За годы у меня сформировался определенный порядок упражнений, который экономит время и может быть поучителен для других. Каждый элемент изучался и проверялся в отдельности, но с течением времени базовые упражнения для обеих рук соединились, так что оказались возможными их тончайшие преобразования и сочетания: координация движений рук в разных направлениях, взаимодействие пальцевой игры, ведения смычка и дыхания, работа над независимостью пальцев в левой руке одновременно с контролем бесчисленных ощущений в правой, возникающих при ведении смычка. Это позволяет избежать непроизвольной синхронности (она аналогична предрассудкам в нашей обыденной жизни). Вес смычка на струне соль совершенно иной, нежели на струне ми, и для компенсации этого различия требуется соответствующее изменение в пальцевой технике: на струне соль на третий и четвертый пальцы возлагается большая ответственность. Естественно, это требует иных движений. Любой скрипач должен выполнять эти тончайшие движения; мои упражнения выделяют их и помогают осознать. К примеру, какая минимальная сила нужна, чтобы держать смычок? Можно ли держать его лишь первым и четвертым пальцами? Если отклониться назад, то это поможет удерживать его вес. Или, по аналогии: когда палец нажимает на струну, вся кисть и рука должна это почувствовать, слегка приподнимаясь по мере прижатия. Иначе звук получится мертвым, и никаким усилием воли нельзя будет притупить боль неудовлетворенности от этого и извлечь по-настоящему красивый “говорящий” звук.

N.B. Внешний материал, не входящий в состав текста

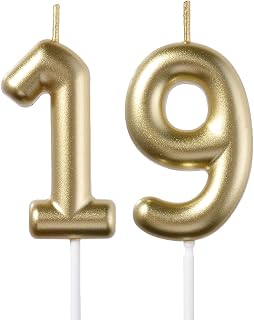 2.35 in Gold 19 Birthday Candles,19th Birthday Decorations for Boys Girls
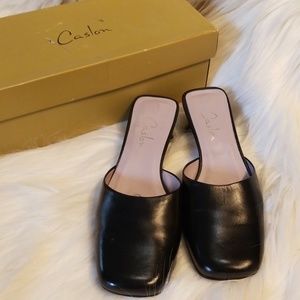 Black Leather Slide Shoes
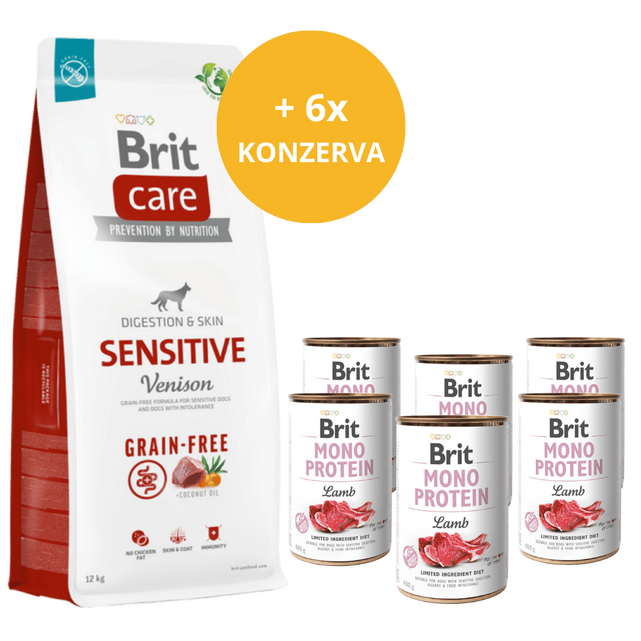 Brit Care Dog Grain-free Sensitive 12 kg + 6 x masová konzerva ZDARMA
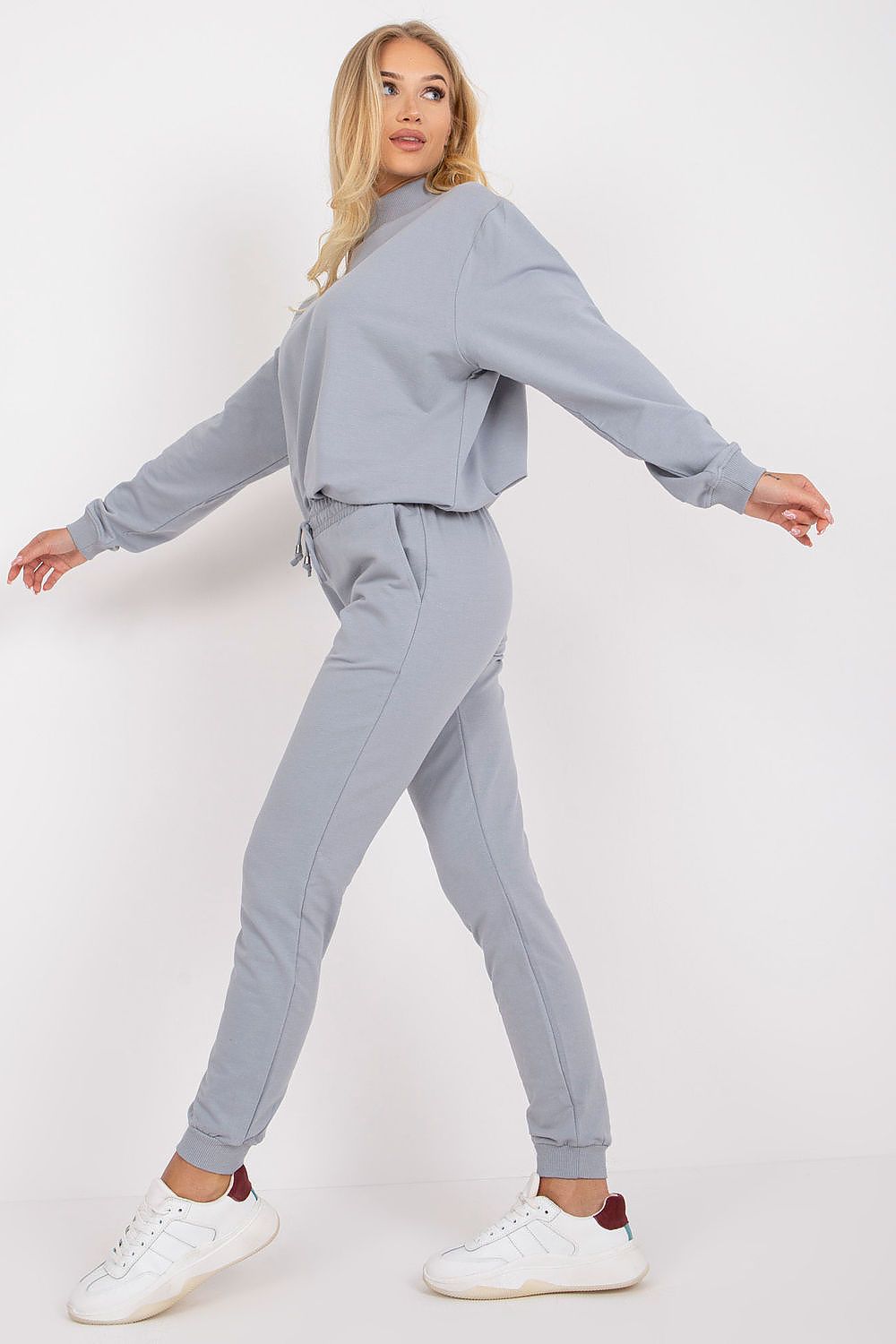 BFG High Rise Tracksuit Trousers With Drawstring Waist And Side Slash Pockets - Cotton Blend Comfort, featured on a model in grey, elegantly showcasing the perfect blend of style and functionality in athleisure.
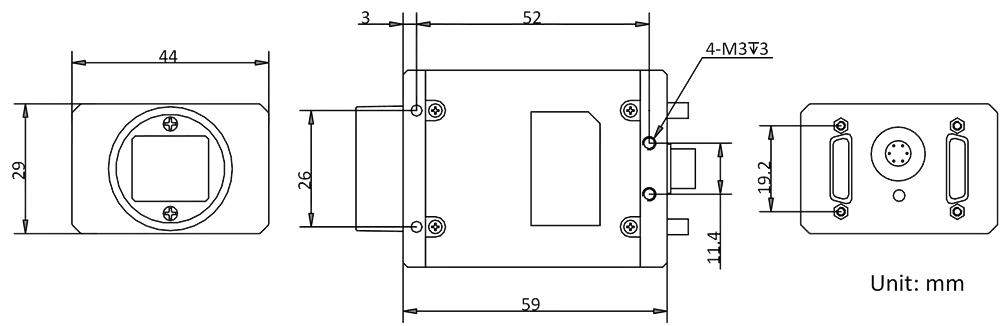 HikRobot Flächenkamera MV-CH120-10CC Abmessung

Для таких чисто абстрактных занятий я приглушаю скрипку — под струнами пропускается полоска материи, а ее торчащие концы заправляются в эфы. Могу сказать, что упражнения на сильно заглушенной скрипке или (как я однажды делал) с намыленным смычком уберегают мой слух от чрезмерно громкого звука; это добровольное воздержание придает большую остроту удовольствию от игры полным звуком — в особенности при исполнении известных произведений, вроде Концерта Брамса. Кроме того, такая пантомима вынуждает меня чувствовать музыку как бы внутри себя, “слышать” ее каждым мускулом и суставом, так что тело становится своего рода “мыслящим слухом” — прекрасно настроенным инструментом, “чистым голосом”, который звучит словно независимо от меня самого. Поскольку я убежден, что красивый звук имеет и визуальное соответствие, я пытаюсь по возможности придать ему зримую форму; я хочу, чтобы палец брал ноту в точности так, как мне надо — с эффектом удара или с вибрацией, посредством скачка или скольжения (быстрого или медленного). Я хотел бы уподобиться тому стрелку из лука, о котором говорят буддийские мудрецы: он может безошибочно попасть в цель с завязанными глазами.